I use few apps. The latest iPhone’s glamorous five rows mean little to me, since I hardly fill two on mine.

Yet an app’s to blame for the fact that I spent last Wednesday with “a dun and smooth interiority, as a glass of rum might” echoing in my head, the chorus to a song I didn’t know the rest of.

More precisely, the blame lies with the POETRY app from the Poetry Foundation, which is now one of the anchors of my home screen. It’s also where I happened to encounter “The Sleep of the Tuba Player” by Ana Božičević, the source of the lines mentioned above, on the subway on the way to work. I suspect it’s for a reason like this that it’s currently in the running for a Webby Award (follow the link to vote, if you like).

The Webby Awards, also known as the “Oscars of the Internet” (according to Mashable.com), are  coveted honor in the web world. Winners get to make an acceptance speech, as long as it’s no longer than five words. This year there were over 11,000 entries; the POETRY app, good though it is, will face strong competition in its category from the likes of MoMA and Duolingo.

Still, I hope it will win. A poetry app ought to be ridiculous; apps and poetry are two things that should not mix, like fast and slow food. Shouldn’t poems be read by candlelight in a castle tower? Shouldn’t they be read in a text setting that the author and publisher chose carefully, with adequate white space, instead of in an impersonal and resizable font that stretches to fill your phone’s screen?

That’s what I thought. But my nicely typeset edition of Modern Poetry, which I have sometimes read by candlelight, grows more and more comfortable in its desk drawer, drawing a blanket of cobwebs about itself, while my POETRY app gets daily exercise. I browse in a roulette-style interface (picking a mood and a subject, say: Humor + Aging, or Gratitude + Arts & Sciences), or by poet, or by more particular searches.

But I’m biased. I like the Poetry Foundation.  I like their name. I’ve uncovered some gems like “A Little Shiver” through my subscription to American Life in Poetry, which they sponsor. And I browse their website, which is truly outstanding, from time to time. But best of all is the app, because there’s the thrill of discovery, and because it’s there when I am on the subway.

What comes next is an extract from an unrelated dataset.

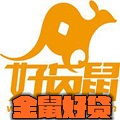 金鼠好贷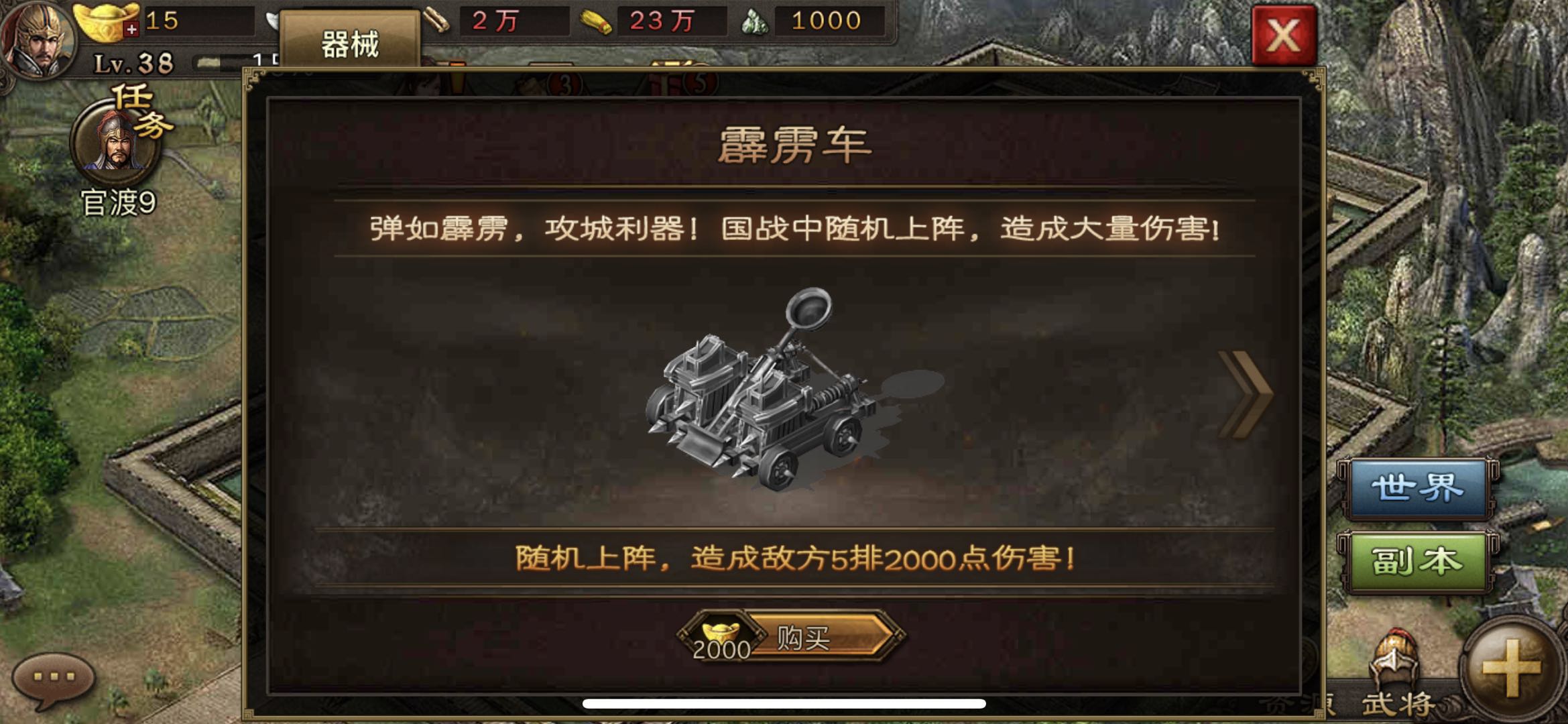 攻城掠地霹雳车如何打造合适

POETRY isn’t biased towards any particular era. John Donne’s “The Sun Rising” is present, along with Billy Collins’s “Memorizing ‘The Sun Rising’ by John Donne.” The poems aren’t always well-known, and the well-known poems aren’t always there: William Carlos Williams’s “The Red Wheelbarrow” is absent, as is Shel Silverstein’s “Where the Sidewalk Ends.” There isn’t a single poem by Philip Larkin’s on the app. Most of the poets, in fact, will be unfamiliar. But I like this because it emphasizes discovery of the poems and poets I did not read in school.

Here’s one:

On the Birth of a Son

Families when a child is born
Hope it will turn out intelligent.
I, though intelligence
Having wrecked my whole life,
Only hope that the baby will prove
Ignorant and stupid.
Then he’ll be happy all his days
And grow into a cabinet minister.

It was written by Su Tung-Po in the eleventh century.

Jay McNair is an intern at Melville House.